8 entries

1946

Peace having returned, ENIAC went public, Willard Libby proposed reading the past in dead carbon, and the Nobel committee cleared a backlog of wartime prizes.

Nobel Prizes

  • Nobel Prize in Physics

    Percy W. Bridgman

    Bridgman spent decades constructing apparatus capable of producing pressures up to hundreds of thousands of atmospheres and then finding out, systematically, what happened to matter under those conditions. Anomalous phase transitions, strange viscosities, and the behaviour of materials far outside ordinary experience — all of it patiently mapped by a man who built his own equipment.

  • Nobel Prize in Chemistry

    James B. Sumner · John H. Northrop · Wendell M. Stanley

    Sumner received half the prize for crystallizing the enzyme urease in 1926 and proving that enzymes are proteins — a claim that met considerable resistance at the time. Northrop and Stanley shared the other half for extending the crystallization technique to pepsin, trypsin, and tobacco mosaic virus, establishing that viruses, too, could be handled as chemical entities.

  • Nobel Prize in Physiology or Medicine

    Hermann J. Muller

    Muller had shown in 1927 that X-rays dramatically increase the mutation rate in Drosophila, proving that mutations are not simply rare accidents waiting to happen but can be caused deliberately by radiation. The finding carried an obvious and uncomfortable corollary about human exposure to X-rays, which Muller stated plainly and early.

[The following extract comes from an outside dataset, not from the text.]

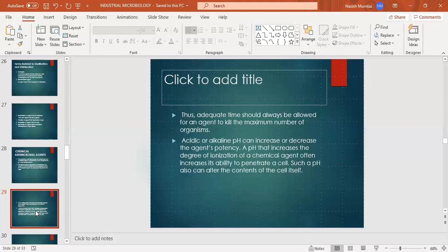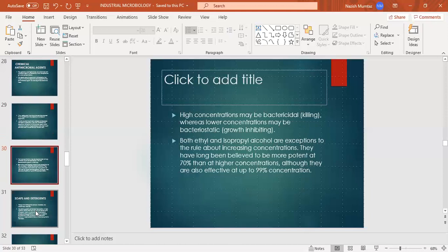High concentrations may be bactericidal, whereas lower concentrations may be bacteriostatic. Higher concentration gives a bactericidal effect, meaning the organisms are killed. Lower concentration gives a bacteriostatic effect, meaning the organisms' growth is inhibited. However, not all agents follow this rule — some agents may not follow this concentration rule.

  • Nobel Prize in Literature

    Hermann Hesse

    The Swiss-German author was honoured for writings of classical humanitarian ideals and fine style — the committee had Siddhartha and The Glass Bead Game especially in mind. Hesse had been largely dismissed by the Nazi cultural establishment, a fact he wore without particular complaint.

  • Nobel Peace Prize

    Emily Greene Balch · John R. Mott

    Balch, at 79, was honoured for decades of peace work including co-founding the Women's International League for Peace and Freedom, having been dismissed from her professorship at Wellesley for her opposition to the First World War. Mott received his share for building international religious fellowship through the YMCA and the World Student Christian Federation across more than half a century.

Other Prizes

  • Lasker Basic Medical Research Award

    Albert Lasker Basic Medical Research Award

    Carl Ferdinand Cori

    Carl Cori was recognized for his work on the enzymatic conversion of glycogen to glucose — the Cori cycle — in the first year the Lasker prizes were awarded. The Nobel Prize in Physiology or Medicine followed the very next year, a sequence that would become a reliable pattern for the Lasker committee.

Discoveries

  • Willard Libby proposes radiocarbon dating

    At the University of Chicago, Willard Libby reasoned that cosmic rays produce carbon-14 in the upper atmosphere at a steady rate, that living organisms incorporate it, and that after death it decays at a known pace — meaning organic material carries its own clock. He presented the theoretical basis in 1946 and confirmed it with the first age measurements in 1947, handing archaeology a tool it had never had.

Milestones

  • ENIAC publicly unveiled

    On 14 February, the Electronic Numerical Integrator and Computer was demonstrated to the public at the University of Pennsylvania — 30 tons of machinery containing roughly 18,000 vacuum tubes, capable of thousands of arithmetic operations per second. Reporters struggled to find an analogy for its speed. Scientists immediately formed a queue to use it.